İdeolojik dönüşümümde netlik kazanan, zor içeren tüm hiyerarşik toplum biçimlerinden kopuş bir zihniyet devrimi değerindedir. Bu, devrimin doğa ve toplumun özündeki akla dayandırılması, tükenmek bilmeyen bir çözüm gücüne ulaştırılması anlamına da gelmektedir. Artık kendine güvenen ve hakim kişilik paradigmamda köklü tıkanmalara ve çözüm bulamama endişelerine yer yoktur. Büyük acılar ve büyük kötülükler, eğer öldürmezlerse, büyük gerçeklere ve güçlendiren özgür yaşama götürür. Hakim dünya sisteminin, ona hizmet eden kişilik özelliklerini iflasa götürmesini ve bu yönlü alternatifine yol açmasını yeniden doğuş ve ideolojik devrim olarak değerlendirmek doğrudur.
Toplum kavramını kendince doğru tanımladığım kanısındayım. Kilit mesele, toplum kavramının kendisini tüm boyutlarıyla doğru tanımlamaktır.
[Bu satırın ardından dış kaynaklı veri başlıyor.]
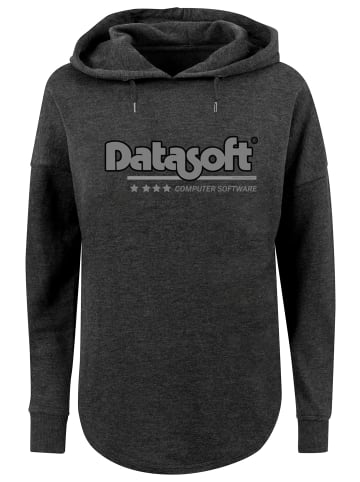 F4NT4STIC Oversized Hoodie Retro Gaming Datasoft Logo schwarz in charcoal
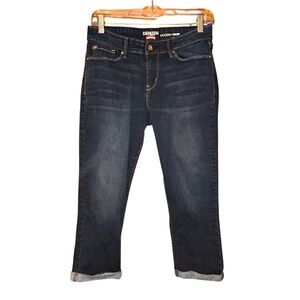Denizen Levi’s Women’s Modern Crop Jeans Size 8 Dark Wash Stretch‎ Denim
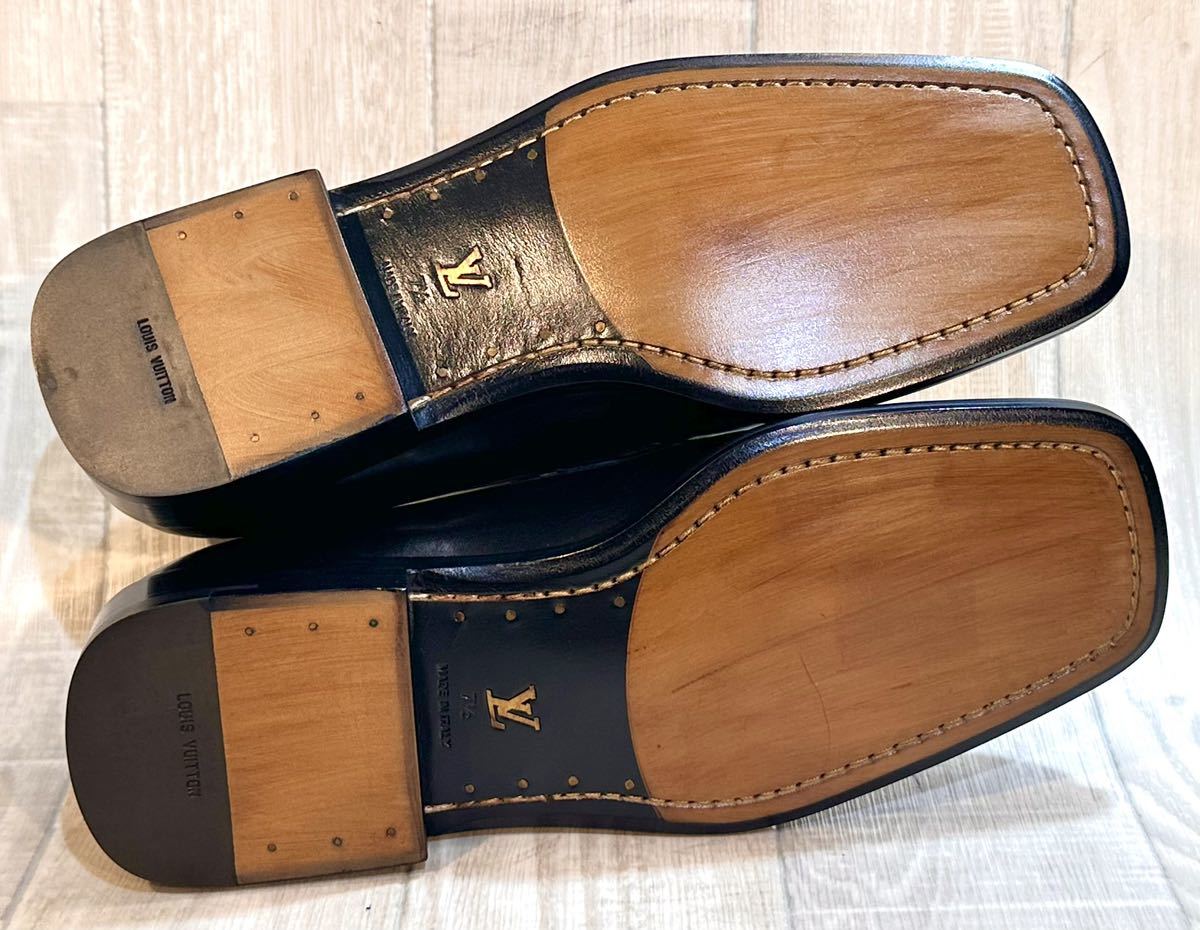 未使用】LOUIS VITTON ルイ・ヴィトン◇26.5cm 7.5◇ITALY製◇コイン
Bu konuda da hemen belirtmeliyim ki, Sümer rahibi orijinal mitolojiyi yaratırken, belki de şimdiki hakim bilimin Avrupa sosyologlarından daha fazla insani gerçeklere yakındı. Avrupa bireyciliği, toplumun ve ekolojisinin katliamcısı konumuna düşmüştür. Bilginler (eleştirisiz, düzenin emrindeki bilginler) gerçeğin kasaplarıdır. Gerçeği parça parça edip ‘şuradan ye, buradan ye’ diyen kasabın bir hayvan üzerinde yürüttüğü doğramayı, onlar tüm doğa ve toplum üzerinde yürütüyorlar. Önce ‘deneme ve gözlem yöntemi’ dediler, tanıdılar. Sonra ‘uygulama ve pragmatizm dönemi’ dediler, yiyip bitirdiler. Bu anlatımın dışında hiçbir şey, atomu insanlık üzerinde patlatmayı, çevrenin topyekun yıkımını izah edemez. Kapitalist toplum üzerine çok yazıldı. Ama hakkında söylenmesi gereken en doğru söz söylenmedi. Sümer rahibi köleci sınıfın yükselişini bal gibi bilerek, ‘tanrılar ve dışkılarından yaratılan insan’ mitolojisini yaratıyordu. Avrupa uygarlığının bilim rahipleri ise, aynı olguyu yarı cahilce yeniden yaratıyorlar. Hiç kimse, “Sümer mitolojisinde gerçeklik pek aranmaz. Avrupa merkezli bilimde ise sürekli deneyle kanıtlanan bilim vardır” demesin. Sümer mitolojisinin insani yaşama yakınlığı, bin kat daha bilimsel olguya yakınlığı ifade eder. Önemli olan toplumu kasaplar gibi parçalamadan yaşamaksa, Sümer bilginleri ve ardı sıra gelen peygamberler sınıflı anlamda bile insanlıkla dopdoluydular. Onlar kutsallık derecesinde insan yaşamına yakın idiler; ona değer verirlerdi. Avrupa uygarlık sosyologları, atom ve çevre yıkımından ve genelde tam bir soyguna dönüşen finans kapitali ve krizlerini yaşadıktan sonra yavaş yavaş imana gelir gibi yapıyorlar. Bir özeleştirisel sürece girdiler. Bazıları her şeyi kaybetmemek için bunu yapma gereğini kavramışa benziyorlar.